Since taking over the business last April, Charity has contended with spiralling operating costs.
She recently made the difficult decision to sell the business — partly for health reasons, and partly due to the stress of covering those price rises.
“It’s another rise, and another rise, and then you get a notice from one of your suppliers who said, ‘Unfortunately, we now have to put all our products up by five per cent’, and then you get one from another supplier,” she said.
“It’s a vicious cycle.”
Charity said she paid about $10,000 in insurance last year, up by about $500 from the previous year.
The rent for the premises also went up by $22 per week from the previous year, she said.
To cover costs, Charity was forced to make the tough decision to let go of two staff members.
“You have to try cut somewhere,” she said.
“Either you cut the quality of food, then you don’t get any business because people aren’t going to come in if it’s not good quality food, or you cut staffing.”
She said that government assistance in the form of rent controls and insurance support for small businesses would be a big help to keep businesses likes hers on their feet.
Kitchen Kravings isn’t the only local business to feel the pinch.
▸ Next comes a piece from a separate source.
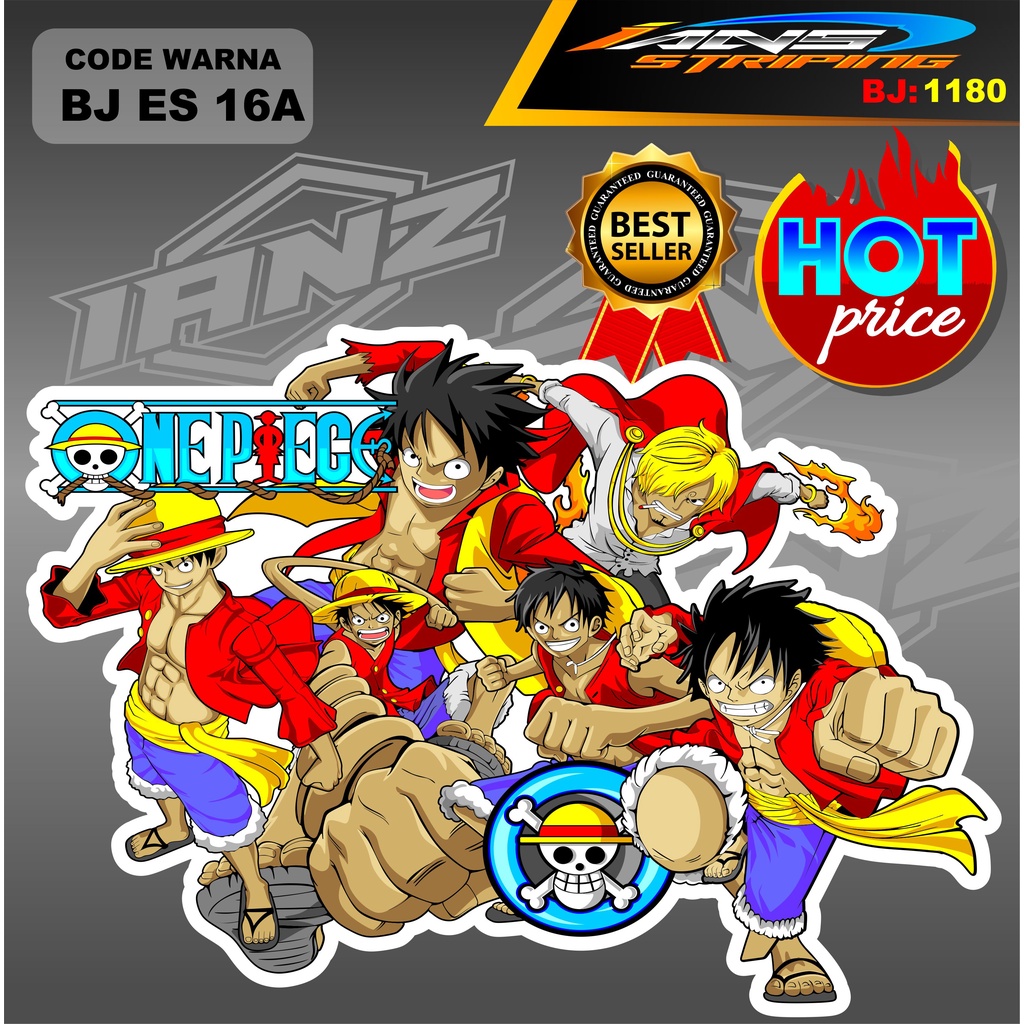 STIKER MOTOR ONE PIECE HOLOGRAM / STIKER KULKAS KARTUN / STIKER HOLOGRAM / STIKER ESTETIK / STICKER AESTETIC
Anyone walking around Cobram’s CBD cannot fail to notice For Lease signs plastered in shop windows.
Across town, Cafe13 owner Kylie Poole explained that her business was recently hit with a drastic jump in overhead costs.
“In the last financial year, the costs of electricity and gas rose $12,000,” she said.
That equated, Kylie said, to almost a doubling of those costs from the previous year.
But it isn’t just overheads that are soaring. Insurance and rates have increased, while prices for raw products — such as cooking oil and flour for batter — have also risen for Kylie.
She said Cafe13 currently employed about seven staff members, most of whom were local teenagers on casual contracts.
“Most of the kids haven’t had a job before,” she said.
Kylie has managed to keep Cafe13 on budget, but only by trimming hours for a few staff.
And to keep further costs down for customers, Kylie made the decision to not apply a credit card surcharge to transactions.
She said one solution could lie in creating more reasons to keep tourists in town, injecting money into the local economy.
“We don’t do anything for Christmas or New Year’s in town. Nathalia has fireworks, Yarrawonga has fireworks. I think in general we seem to get overlooked here in Cobram,” she said.
“I know the Katamatite Rodeo brings extra money into Katamatite because people stop and buy drinks from the servo, etcetera.
“We’ve got those beautiful big parks — Federation and Mivo Parks — and we don’t utilise them. But it could bring a lot more [tourists], even from other towns.
“It would keep them shopping here in our town.”
A nationwide issue
A report, published by the Council of Small Business Organisations Australia and Commonwealth Bank Australia in October last year, found small businesses across the country were facing rising energy prices, insurance costs and rents.
COSBOA chief executive Luke Achterstraat said small businesses across Australia were struggling to manage spiralling costs.
“Australian small businesses are the heart of every community, employing more than five million people,” he said.
“Small businesses have been hard hit over the past year, with nearly half not breaking even. Owners are doing their best to keep their heads above water, but this is not an easy task in a sea of economic and regulatory uncertainty.”